Here Rosie writes about how she feels to have her papers in the John Rylands Research Institute and Library.
The story begins in 2018, when I embarked on my residency at the John Rylands Research Institute and Library, as the inaugural writer-in-residence, funded by Arts Council England. It’s a true honour to have my papers acquired for the Rylands archive. To be part of this marvellous national archive (which includes writers, artists, thinkers and so very much more) is astonishing. The more so when I consider my background. I’m the only member of my family – past or present – ever to go to University. I never imagined I’d be a published novelist and poet, let alone that my papers would be deemed worthy of archiving. I’m thrilled. A further thrill is that one day someone may wish to dive in and study my papers.

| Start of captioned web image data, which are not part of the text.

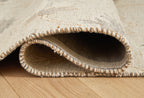 Beige rug edge detail with curved overlap and fringed trim, on wood floor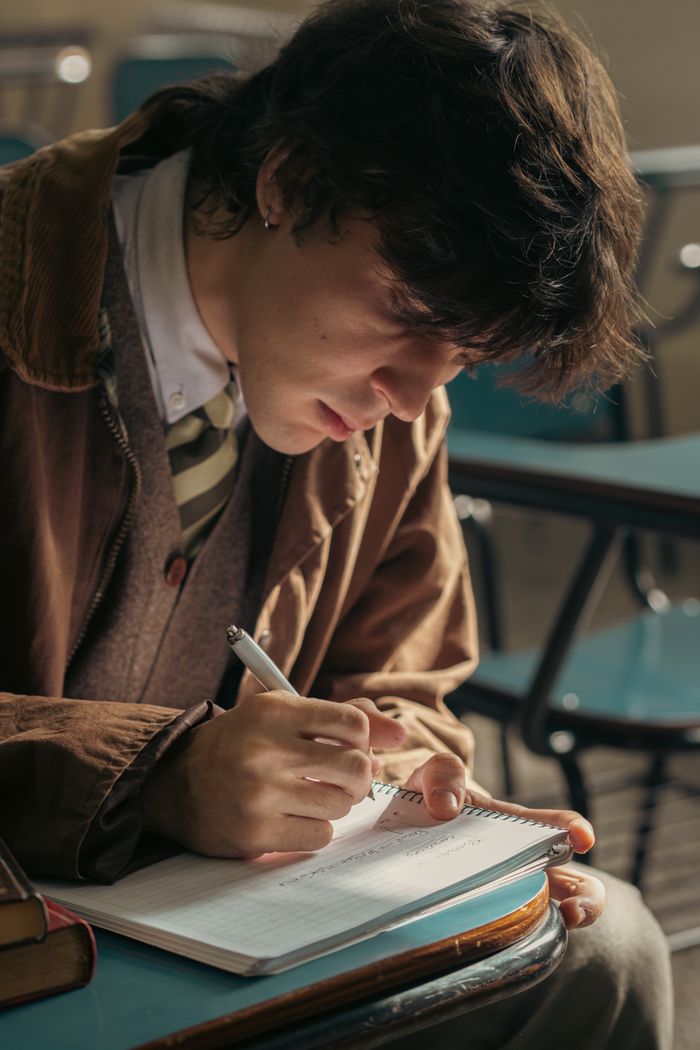 services-01 University student writing in a classroom in Buenos Aires, Argentina, with intense focus and concentration.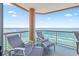 This condo boasts a cozy balcony with seating, a small table, and panoramic views of the ocean at 5700 N Ocean Blvd. # Ph12, North Myrtle Beach, SC 29582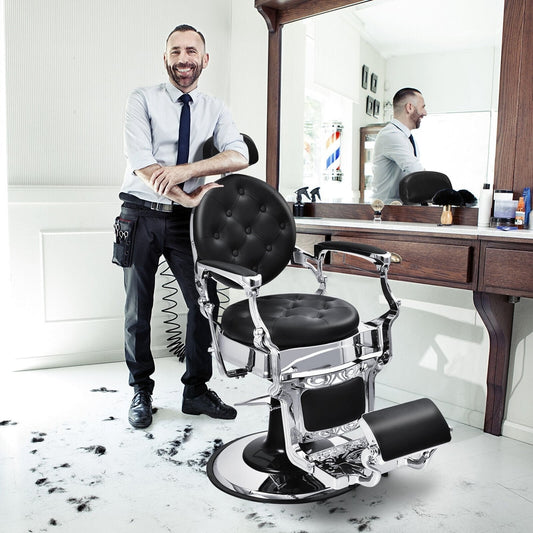A barber stands proudly next to the black salon chair in a room with scattered hair clippings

Currently, the archive contains handwritten working notes, research materials, plus printed and amended drafts for my first three novels: The Palace of Curiosities, Vixen, and The Night Brother. It takes me a long time to write a novel, and I start drafting ideas longhand: getting into the voice of the characters, their desires and internal lives, working out the obstacles they face and how they may go about overcoming them. This means I write a great deal more than ever makes it into the finished novel.

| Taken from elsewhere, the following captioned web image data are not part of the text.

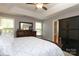Spacious main bedroom with tray ceilings, fan, and traditional furniture at 7515 Shadowstone Dr, Charlotte, NC 28270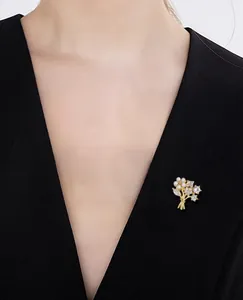 Detailed view of flower brooch with white pearls and zircons on black blazer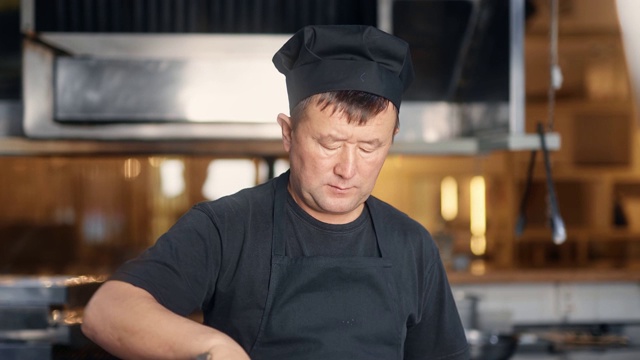 亚洲厨师在炉子上用平底锅烹饪混合食物的肖像。中近距离拍摄4k红色相机视频素材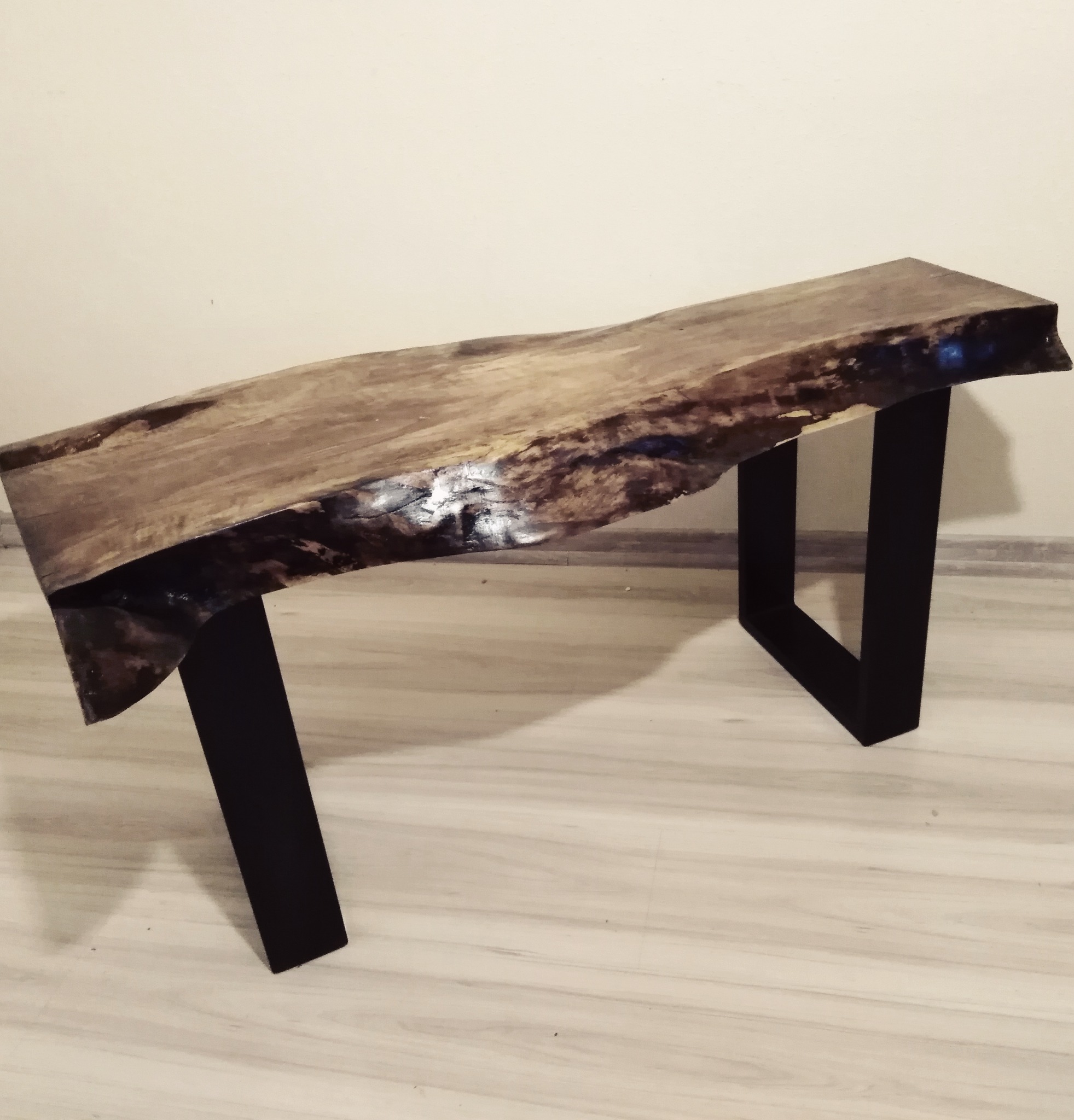 Niski stolik kawowy z blatem z surowego drewna o nieregularnych krawędziach i czarnymi, metalowymi nogami w kształcie trapezu, ustawiony na jasnej podłodze.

There are also a few extras. When collating materials to send to the archive, I found notebooks containing draft ideas for one of my ‘apprentice’ novels – i.e. unpublished. Yes, I wrote four novels before the fourth (my debut, The Palace of Curiosities) won the Mslexia novel competition in 2012 and was finally published by HarperCollins.
One of the many wonderful aspects of my archive is it’s an open archive. I can and will be adding new material. In the future, interested folk will be able to access a digital archive of correspondence with publishers and agents, plus drafts of poetry collections (including What Girls Do In The Dark (Nine Arches Press), As In Judy (Flapjack Press), Everything Must Go (Holland Park Press)), short fiction, essays, song lyrics I’ve written for The March Violets, scrapbooks – and one day, the tiny books I wrote for my dolls…
It’s amazing to know that my papers are being so well cared for. I’m deeply grateful to the wonderful staff at the John Rylands Research Institute and Library.